Quotable:

"In cooking, as in all the arts, simplicity is a sign of perfection." - Curnonsky

Sunday, December 14, 2008

CSI: The Happy Place

Back to classic CSI with three unrelated victims: a woman who gets dressed for the beach and then jumps off her balcony; a gambler who is found dead in an alley with her eyes pushed in; and a coma victim who is taken off of life support. There isn't much team interaction this week, but Sara gets sucked into an investigation which just confirms her disillusionment with CSI work, so she leaves...again.

Nick and Catherine investigate the death of a woman named Sprig. Seriously, her name is Sprig and, no, it is not plot related. Anyway.
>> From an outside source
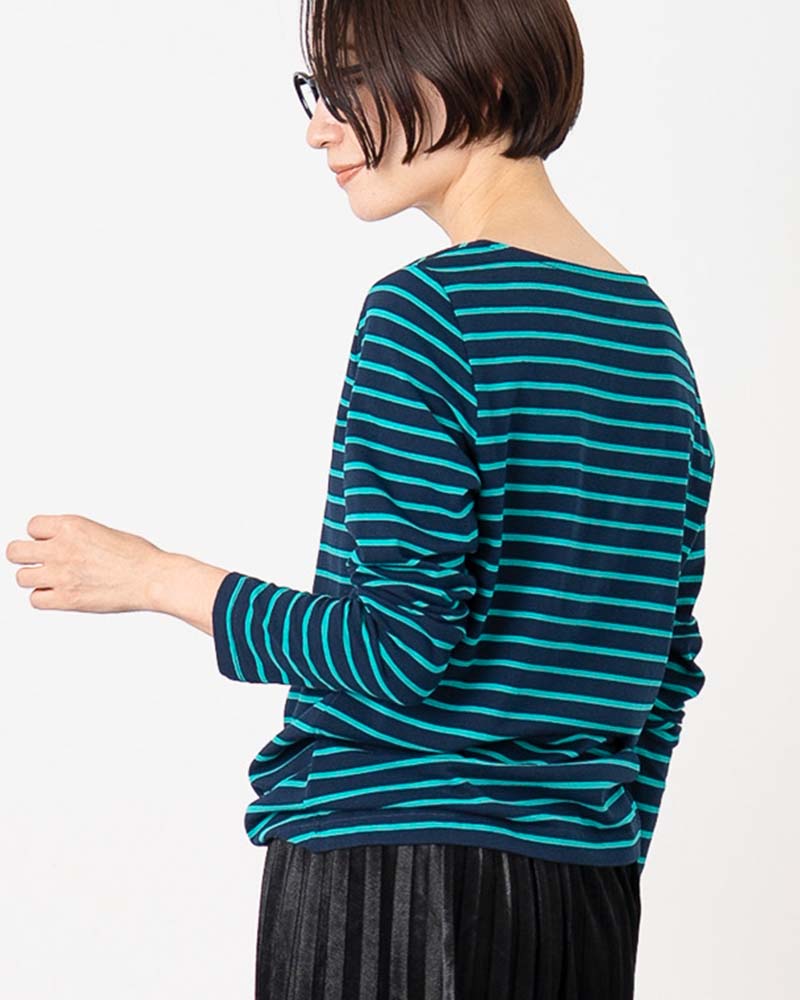 スクエアネックプルオーバー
Sprig is cooking dinner until she gets a phone call which prompts her to change into a bikini and then jump off her balcony. Maybe she just received her latest cell phone bill—I know I'm tempted to commit suicide when I do. Unfortunately, Sprig's fall is not cushioned by the bus she falls on. A point that is quite ickly illustrated when the coroner decides to play move-the-limb -with-the-crushed-bones. Ew. Catherine and Nick discover that Sprig was engaged to be married and cooking a dinner for her soon-to-be in-laws. Her fiance, Brad (I was expecting him to be called Twig or Branch), informs them that Sprig wasn't depressed at all. She was on a crazy, obsessive diet and had just lost her job as a bank teller after being accused of stealing from the till, but apparently, she was still cheery.

Nick reviews the security tape at the bank where Sprig hands a man $10,000.00 as change for two $50 dollar bills. Nick discovers that the same person robbed another teller, Grace, who is fortunately still alive. Grace tells Catherine that she doesn't remember the robbery at all even after seeing it on the tape. Catherine discovers that both Sprig and Grace were seeing the same hypnotherapist.The hypnotherapist claims that she was just helping Sprig and Grace lose weight and quit smoking, but Catherine matches the therapist's driver's license photo to the person at the bank. They also find her prints on the phone booth right across from Sprig's apartment. Catherine and Nick arrest her.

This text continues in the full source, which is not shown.